* **INFORMATION GIVEN**
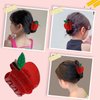Back to School Hair Clips Red Hair Clips for Women Back to School Teacher Student Hair Accessories Gifts Cute Hair Clips Medium Strong Hold for Thick Thin Hair 1PCS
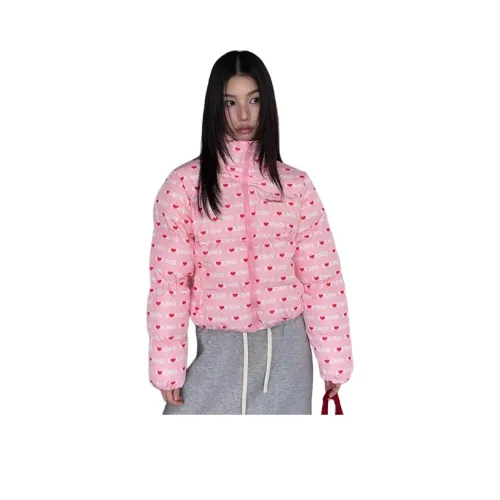 PZHK Розовый Женский Пуховик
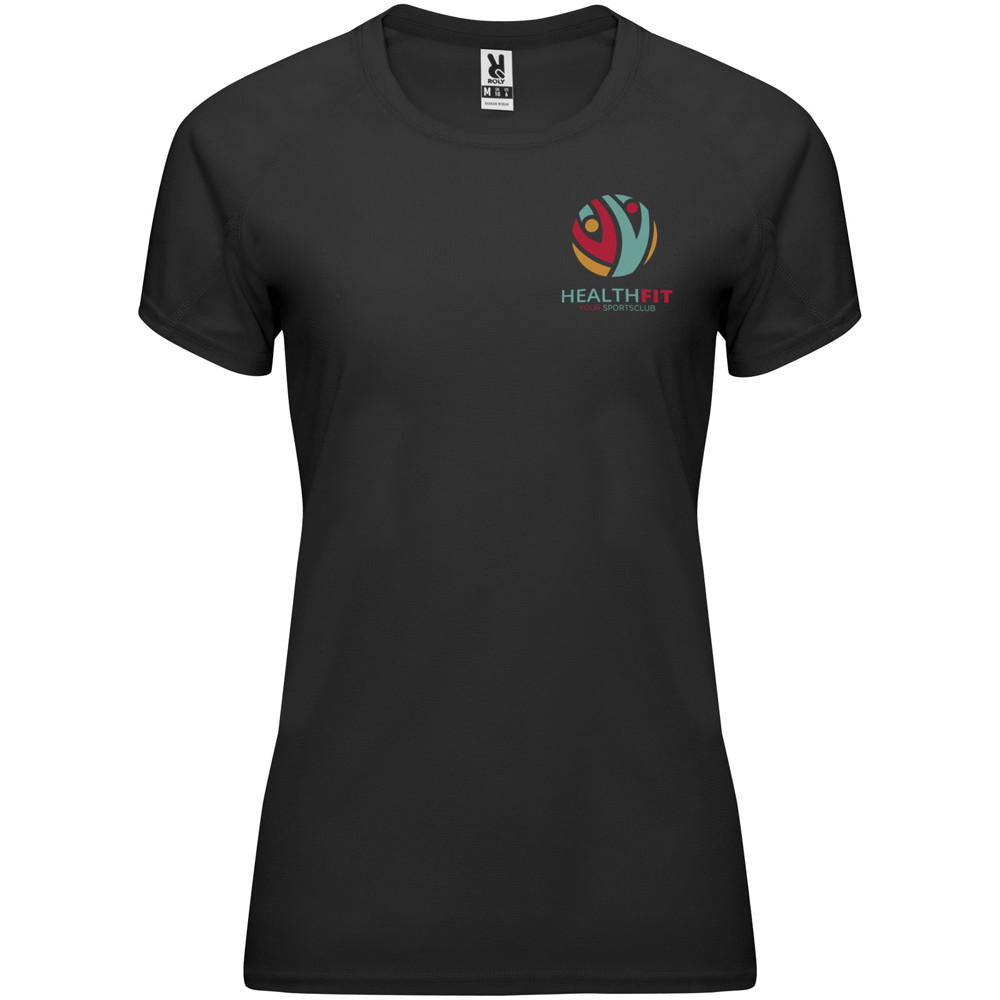Bahrain 135 g/m² sportshirt met korte mouwen voor dames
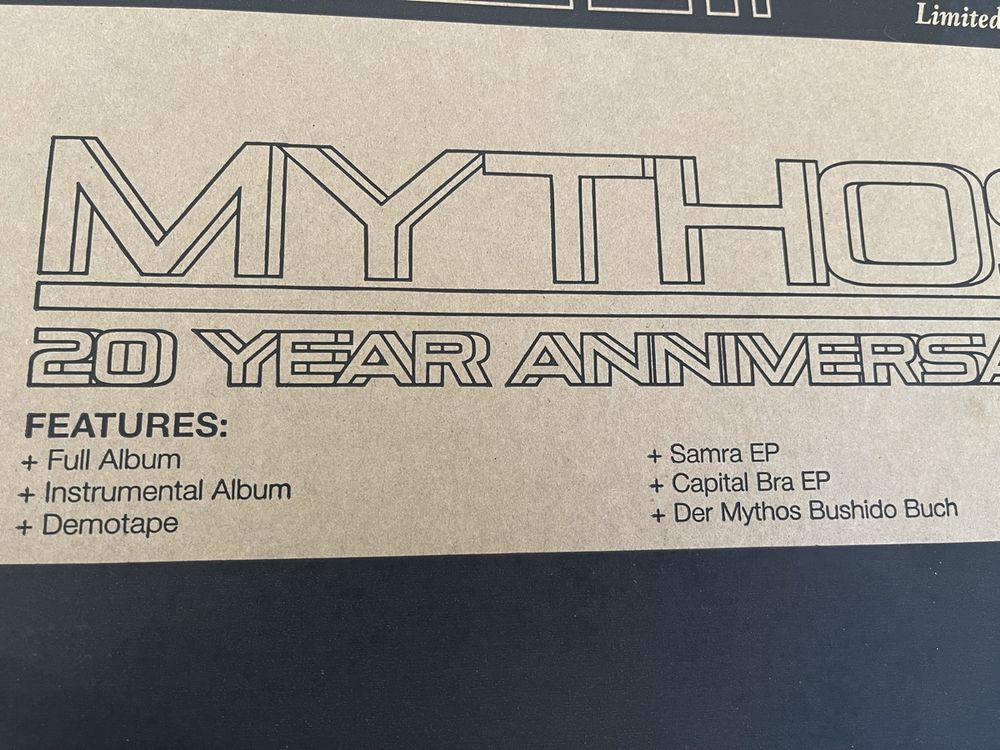 CD: Bushido Mythos 20 Year Anniversary Limited Box Edition! – Nuovo e nell'imballaggio originale da Horw venduto da ariezze 4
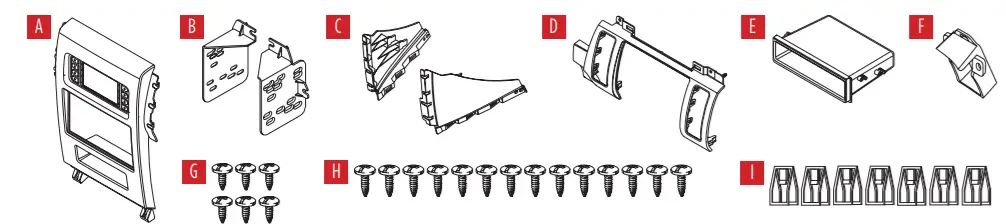 MeTra 99-5842 Electronic Ford Flex -FIGURE QR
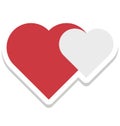 Favorite, feeling loved Vector Icon editable Royalty Free Stock Photo
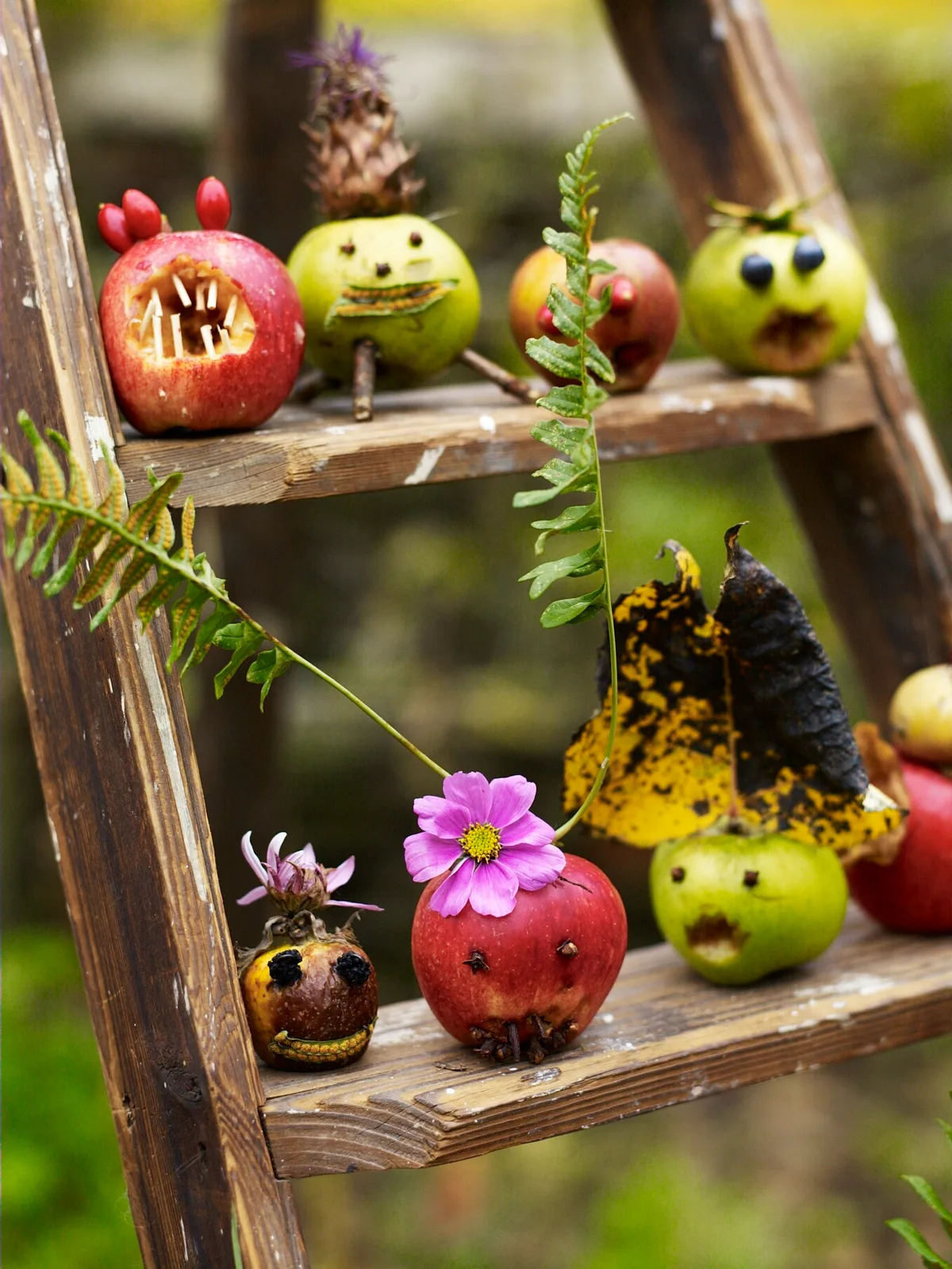Scary apples for halloween and apple day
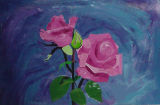 Abstract Rose Painting (CX-053)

* **WORK TASK**
Return the whole listing exactly, minus its pictures.

* **YOUR RESPONSE**
Back to School Hair Clips Red Hair Clips for Women Back to School Teacher Student Hair Accessories Gifts Cute Hair Clips Medium Strong Hold for Thick Thin Hair 1PCS
 PZHK Розовый Женский Пуховик
Bahrain 135 g/m² sportshirt met korte mouwen voor dames
 CD: Bushido Mythos 20 Year Anniversary Limited Box Edition! – Nuovo e nell'imballaggio originale da Horw venduto da ariezze 4
 MeTra 99-5842 Electronic Ford Flex -FIGURE QR
 Favorite, feeling loved Vector Icon editable Royalty Free Stock Photo
Scary apples for halloween and apple day
 Abstract Rose Painting (CX-053)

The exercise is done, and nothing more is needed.